The Bell prize paper, which can be read for greatest detail granted, explores these issues. But from what we are able to discern, the most salient feature, at least on the processor front, is what they describe as a “set of new mechanisms devoted to efficient fine-grained operation. The resulting architecture more aggressively exploits the parallelism of molecular dynamics simulations, which fundamentally consist of a large number of fine-grained computations involving individual atoms or small groups of atoms.” The idea here is that by having the direct hardware support for all of this allows for far greater efficiency of communication and synchronization while getting around many of the scalability challenges presented by standard commodity architectures—including GPUs in this case, which cannot have that level of specific tuning for the code, of course.
It would be far too easy to go off on a detailed tangent about the architectural ins and outs of the Anton machine—it is fascinating. But as it stands, all almost anyone knows—including the people who manage the only publicly available system at PSC—is in that paper and no extensive interview will yield more details than what is there. And besides, the story today is a bit larger than this. Because by fall, the most powerful system—a “computational microscope” as Blood describes it—will be in the hands of international researchers who can will be able to model complex biological processes in far greater detail and ever-increasing time scales , thus leading to new potential understanding, cures, and better models.
The performance advantages of such a system are clear, but in many ways, what is gained in potential is lost in flexibility. Users compile to an interface that can talk to Anton’s internal stack, but the code it is running is abstracted from the researcher. When using open source molecular dynamics code, there are a great many ways to explore ideas differently, but given the fact that the code is locked in the box, so to speak, there is no room there. This is a trifle, Blood says, because the ability to simulate and model at such scale is incredibly value and can inform the 3D structure analysis and understanding for other applications. However, as we think about the potential role for a new wave of custom hardware in other areas (as we’re seeing) this flexibility question will arise again. The rise of FPGAs, custom silicon for deep learning, and other trends seem to intersect, even if supercomputing only has isolated cases in domain-specific areas.

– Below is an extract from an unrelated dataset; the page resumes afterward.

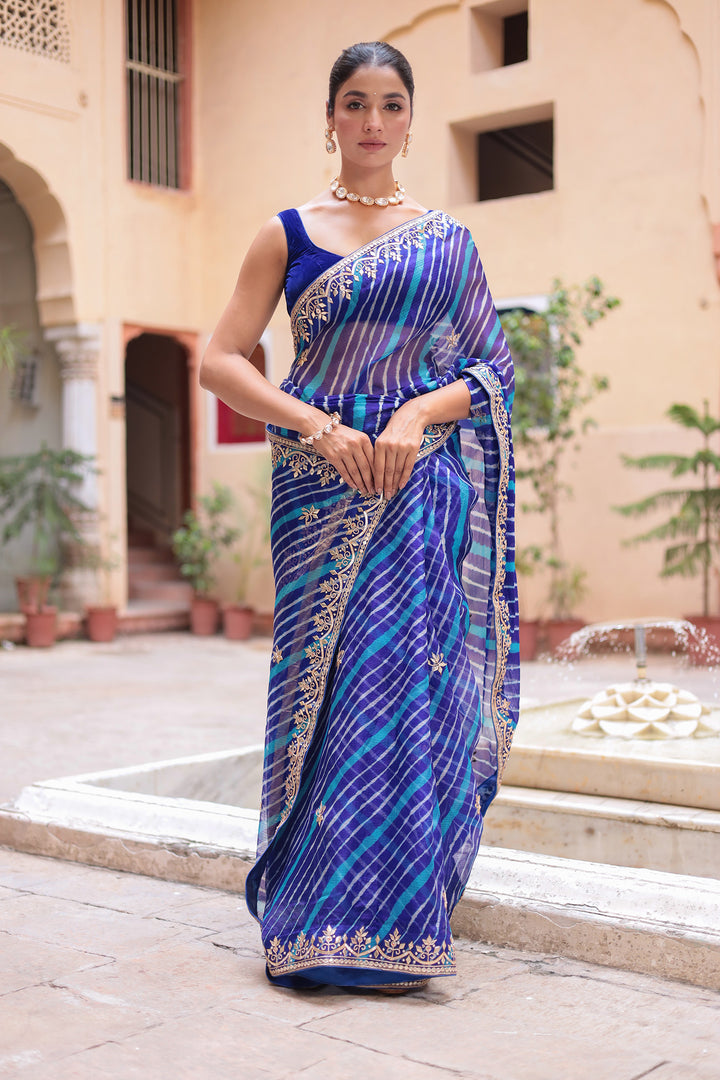 kota doria saree, leheriya saree, festive saree, sawan special, gota patti saree, wedding saree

It is difficult to say how long such systems were available inside of D.E. Shaw, but Blood suspects that it wasn’t long before PSC acquired their Anton 1. As he tells The Next Platform, “I’ve been in the same room with D.E. Shaw but never met him, although I did meet his right-hand man, his deputy, Ron Dror, in 2003. We were at a conference in Lyon and he was talking about wanting to build a special purpose molecular dynamics computer. At that time, a number of such system had been designed and some built, but they were not successful. It could not have been that much longer from the time the first one was built to when we acquired ours at PSC.”
The selection of PSC as the site was due in large part to Dr. Joel Stiles, a CMU professor, PSC researcher, and collaborator with D.E. Shaw research who had worked with the company on its initial iterations of the system and advocated to have one placed at PSC. Unfortunately, he passed away just after the project was awarded, but Blood says that was the beginning of their journey to the first Anton—and that investment on both sides—continues because of that early work.